Turns out the output from the Distrubuted RAM Generator 8.0 also does not place the DPO register in the same slice as the RAM, so it is either a placer issue or there is something I missed where the DPO cant be registered in the slice. From the routing resources view in the plan-ahead, it looks like the resources are there, but for whatever reason the software is not allowing the use for registering DPO.
Looks like I'm going to have to fins another way for this one. Anybody else who's seen this and found a work-around?
03-28-2018 01:13 PM
Resolution isn't ideal, but it works in this case.
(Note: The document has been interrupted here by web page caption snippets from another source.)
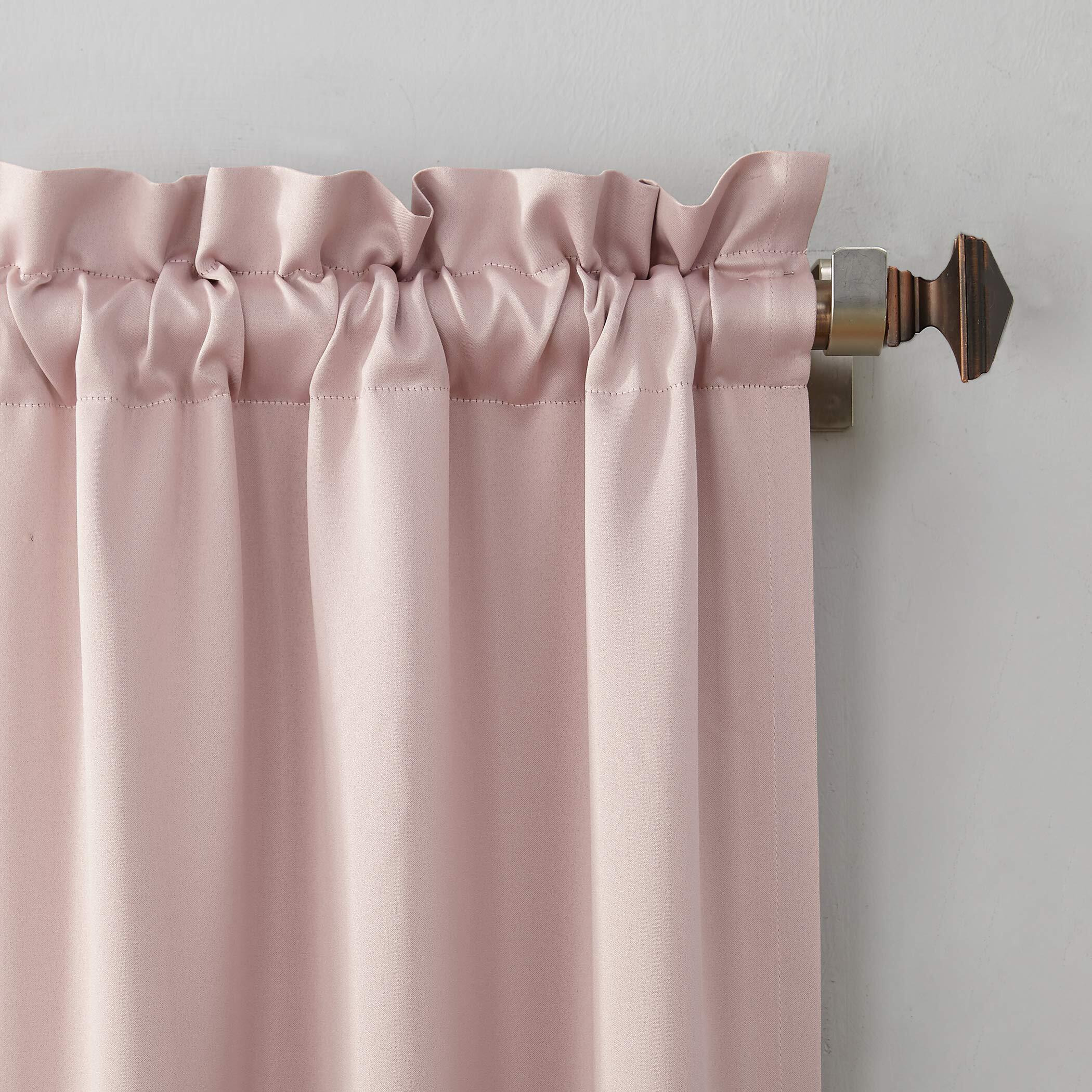 Sun Zero Easton Energy Saving Blackout Rod Pocket Curtain Panel, 40"" X 84"", Blush Pink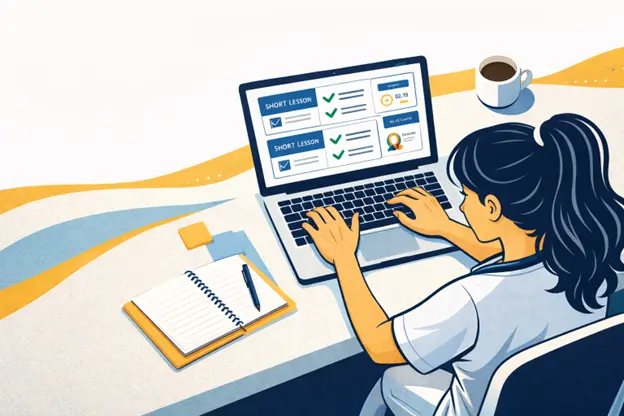 A nurse at a desk completing continuing education requirements.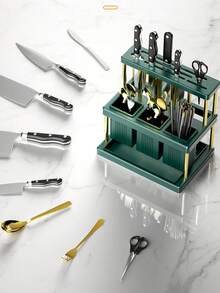 1pc Multi-Function Cutlery Holder, Knife Rack, Chopstick Storage Box, Kitchen Organizer Rack, Tabletop Caddy, Kitchen Utensil Holder, Space-Saving Cutlery Rack With Detachable Drip Tray, Suitable For Kitchen, Bathroom, Dining Room, Green/White, Gold/Silver Chopstick Holder, Knife/Spoon/Fork Storage Rack, Combination Plastic Model - Multicolor - View 2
I replaced the 256x2 DPRAM, which gets refilled from a repository if any changes are made in the respository, with SRL32e's strung together to make an SRL256 for each bit. Plus a pair of shadow bits so that shifting in new does not screw up the reading while the shifting is occurring (basically a double bucket memory) . Still had to instantiate and rloc the slr32's, f7,f8 and f9 muxes and flip flop to convince the placer to put them all in the same slice, but at least it can make timing consistently now.
Xilinx, you need to look at the registering of the DPO on dual ported LUT RAM. Your literature and the routing diagrams in plan-ahead view all seem to indicate it is possible to register the DPO output in-slice for best timing, but the tools do not seem to know this, and could not be coaxed to put them together. Use my code above for a test case
03-28-2018 01:19 PM
you said it Ray. We need to check 2018.1 when it's released, and get a CR filed if it's still broken. This must not be allowed to persist.
03-12-2020 05:35 AM
Ray, did you ever hear back about this issue (or possibly an answer record)? I'm using 2019.2 and I'm seeing that RAMD32's (still) aren't using the FDRE in the same slice.